Трясучий, расстроенный, культурный мой улыбец.
— Чего ты. Чего ты озверела, дебильша? Я ж… Я ж вскрыл дурью бессознательные зоны. И отдаю тебе глубочайший интим…
Руки к ней, руки к ней. За каолиновые треугольнички бедер. За треугольнички — тяну на себя. Ты такая длинная, Верста Коломенская.
— Ну? — говорит Верста.
— Да, родненькая.
— Давай, что ты там хотел стравить. Про негров.

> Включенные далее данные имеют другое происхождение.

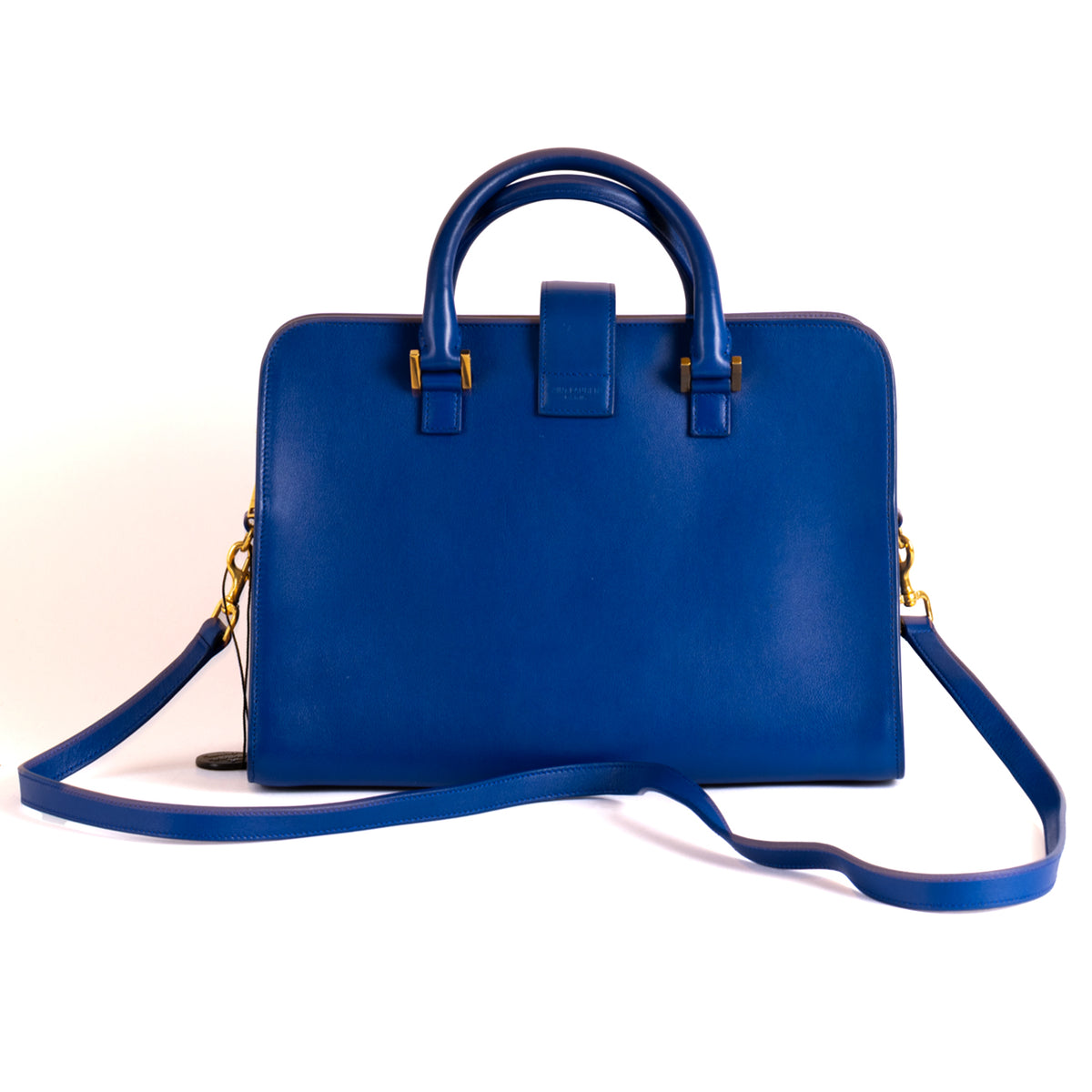 Yves Saint Laurent Small Cabas Plain Leather Tote Bag - Blue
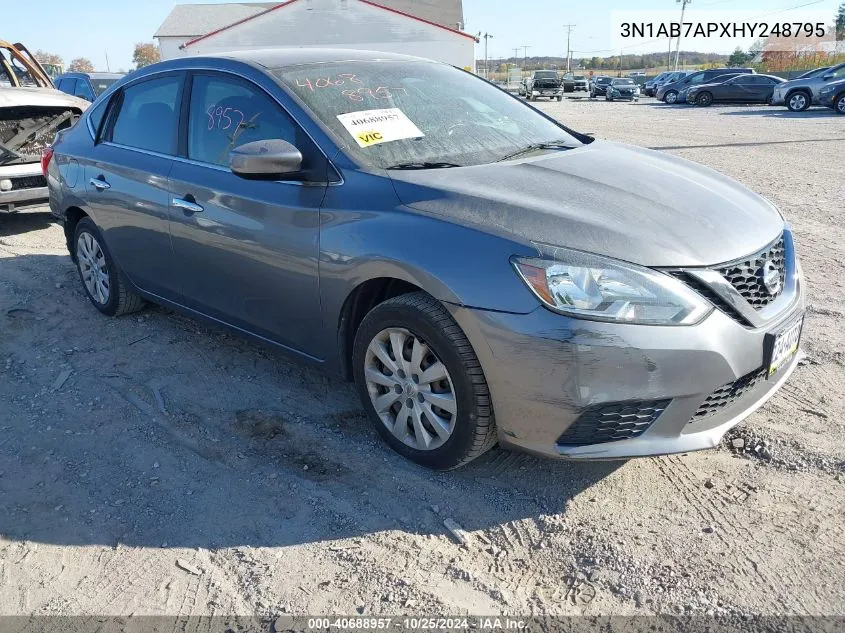 3N1AB7APXHY248795 2017 Nissan Sentra S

— Даю. Так я у него спрашиваю, почему они воюют. А он несет: «Люди племени Ибо напали на людей племени Йорубе. Тогда люди племени Йорубе напали на людей племени Ибо. Тогда люди племени Ибо убили много женщин и детей племени Йорубе. Тогда люди племени Йорубе убили еще больше женщин и детей племени Ибо. Тогда люди племени Ибо обратились в Организацию Объединенных Наций…»
А дальше — нет здоровья рассказывать: хохочу глубинным небом до раздирания слизистой, — хохочу, а остановиться не могу. Дурь слабеет, торчаловка — сходит.
— Что в этом смешного? — выясняет Коломенская.
— А кто его знает?.. Полагаю, что речевые средства комического.
— Ты такой, мудак, сложный, ты такой, блядь, непонятный, ты такой…
— Верста, — заявляю я. — А почему ты yа меня прешь? Я очень хороший и гениальный. Я к тебе очень хорошо отношусь. Я тебя люблю, Верста.
Верста делает мне реверанс. В облегающих брючатах с помидорной расплюхой на коленке, — велено было ничего не ставить на столик, никаких майских салатов! — в облегающих брючатах реверанс делать трудно и похабно.
…Великий…ский народ. Его великолепные здания, слегка проаммиаченные в районе фундамента, его глубокие озера, полные свежей соляной кислоты, его тенистые проспекты, полные меня.
Граммофон объемного звучания свел иглу с последней песенки и отключился.
— Верста, поставь этот пласт еще раз.
— Ты бы мне хоть перевел, чем ты так восторгаешься.
— Годится. Только поставь сама, сил нет двигаться.
— Сил нет… Что ты за мужик? Конечно, сама поставлю — кто тебя до стерео допустит. Хоть одну ценную вещь тот гусь не уволок.
Гусь — бывший муж, недавно убегший от Версты по национальным соображениям. Перевод:.. «как собака, в ночи луна, а она — сидит и плачет.
Притащился попросить у нее прощения.
Бетти, Бетти-Бам, поехали на море, поваляемся рядышком на горячем песке…»
А ты в рифму перевести можешь?
— Нет.
— Тогда расскажи анекдот.
— Плывет Иван-Царевич баттерфляем по Волге. Плывет-плывет, а навстречу ему — говно, «Здравствуй, — глаголет, — Иван-Царевич. Я себя сейчас съем!» «Ну, нет! — речет Иван-Царевич. — Это я тебя съем!» И съел.
— Анальный секс… — поджимается Верста. — Не уважаю. Романсы поставить?
— Зачем же нет?
Коломенская повлеклась к ларю с пластинками, на нем же стоял объемофон (а?!). Устроилась пред ларем на карачках, развела дверцы. Ларь большой, а пластинок мало: сторона Версты — русские романсы в исполнении, пара альбомов тутошного песнопения, Рэй Чарльз — «Ослобони мое сердечко!». Мои подарки. Сторона гуся — Григи-Бахи-Вивальди…
Гусь отсоединился, а квартира еще не перестроилась на одного проживателя: все на двоих. В прихожей под вешалкой — гниленькие прорезинки сорок второго размера, в ванной — преувеличенное количество утиральников, невыброшенные скляночки «после-бритья». Зубные щетки в радостном стаканчике стоят щетинка в щетинку. Один парадонтоз на двоих…
— Верста, а оральный секс ты уважаешь?
Верста выронила небьющуюся Обухову, — и та чуть не разбилась: пол каменный, а ковер ушел по национальным соображениям.
— Что за дела?!
— По ассоциации.
— С чем?
— Орет твой проигрыватель… Верста!
— Аюшки.
— Заткни ему хавало. Сами споем. Вернее — я спою, а ты сыграешь.